Can a 'Hail Cannon' Control the Weather?

"I've seen them work."

"It sounds like artillery fire."

That's how the neighbor of a farmer in Vermont once described a "hail cannon." The curious looking rocket-like cylinder is a "gun," pointed straight up in the air, that fires 200 mph shockwaves. It's used by farmers to protect crops from hail. But while some farmers swear by them (they say the cannons break up the hail before it hits the ground), there are scientists who say there is no proof they work:

The debate over the device's effectiveness has been raging for years. Foxnews.com explains:

Meteorologist Steve Johnson has been studying hailstorms for more than forty years and he thinks the cannons are all sound, no fury.

“As a scientist, and as far as science is concerned, they do not work,” Johnson told FoxNews.com.
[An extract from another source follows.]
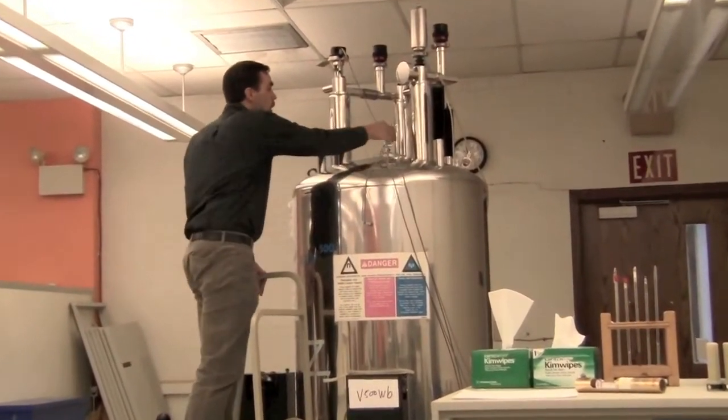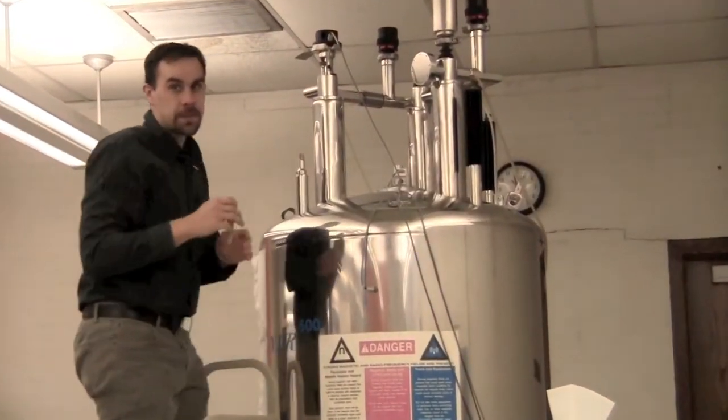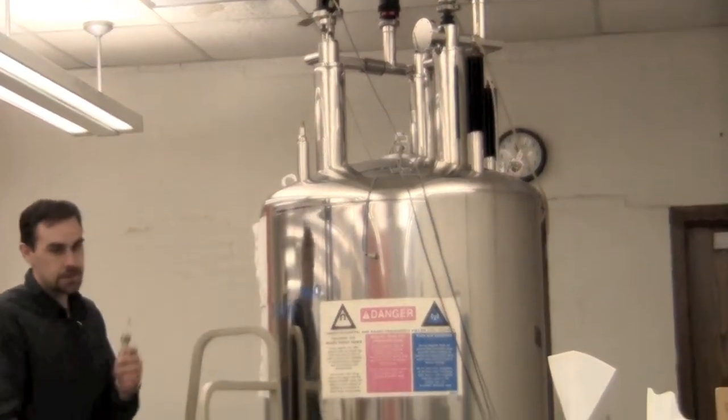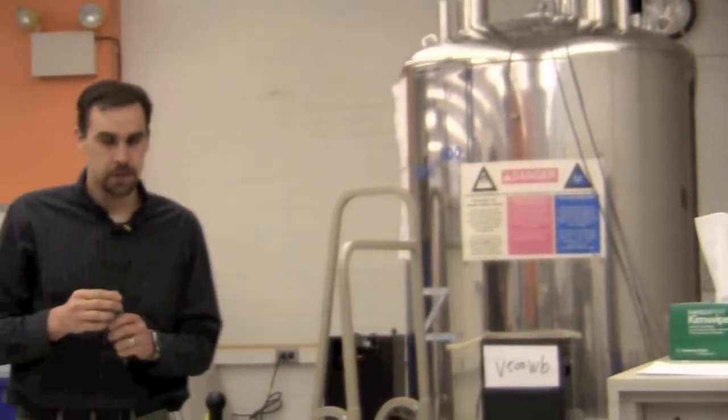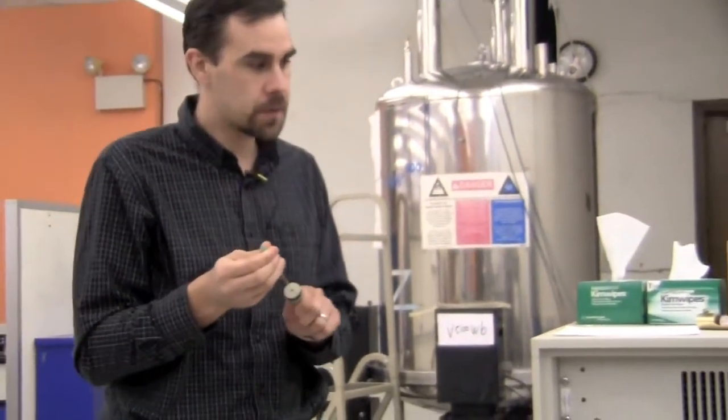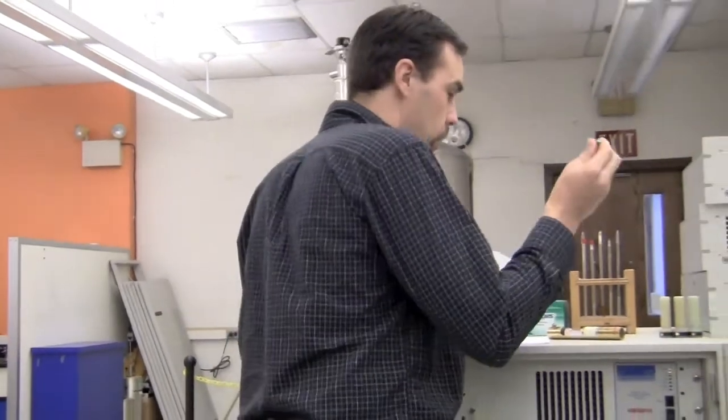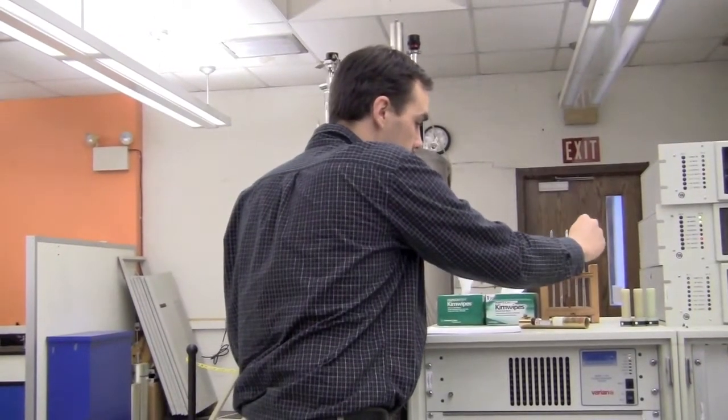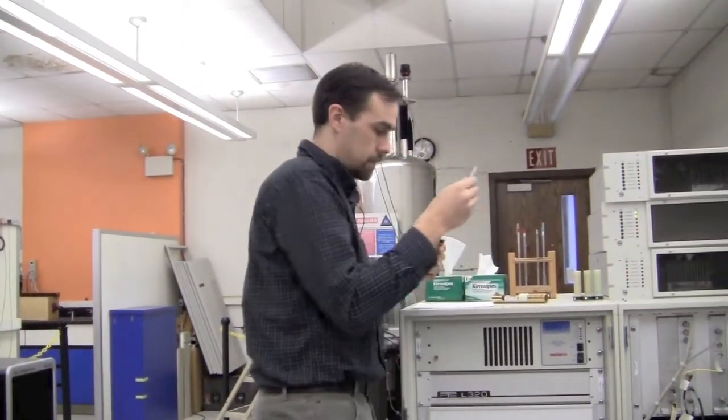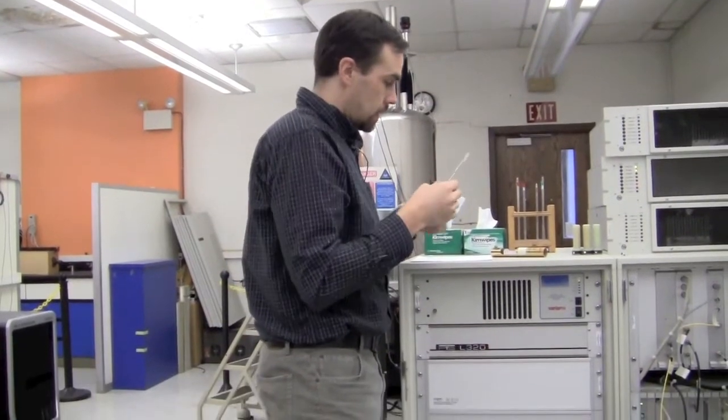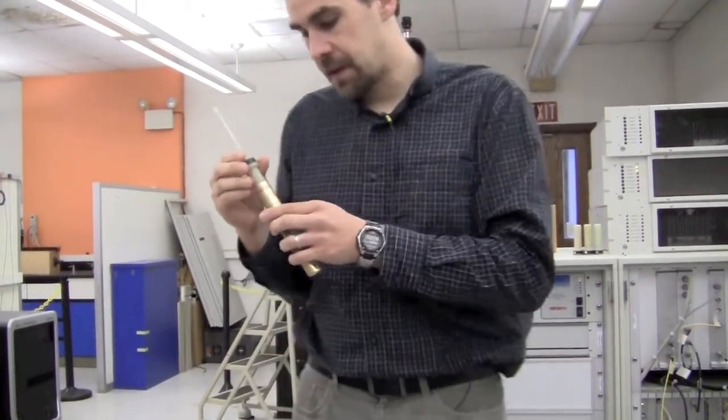Just like on all the walk-up instruments, we always keep a dummy sample in the magnet. This is the tube of V2O. This helps avoid trying to put two samples in the magnet. You can put the dummy sample in the rack and get your sample and put it into the depth gauge.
Farmers in the Valley beg to differ, saying the devices have helped save their crops.

“I've seen them work," Mike Thurlow, a farmer in Reedley, Calif., told FoxNews.com. "I've been in the middle of hailstorms next to them, and you get about a couple hundred acres of protection from a single hail cannon."

"They work,” Thurlow insisted.

Meteorologists and weather control experts argue that the only way to prevent hailstones from falling is to focus on the beginning stages of hail formation by seeding the cloud.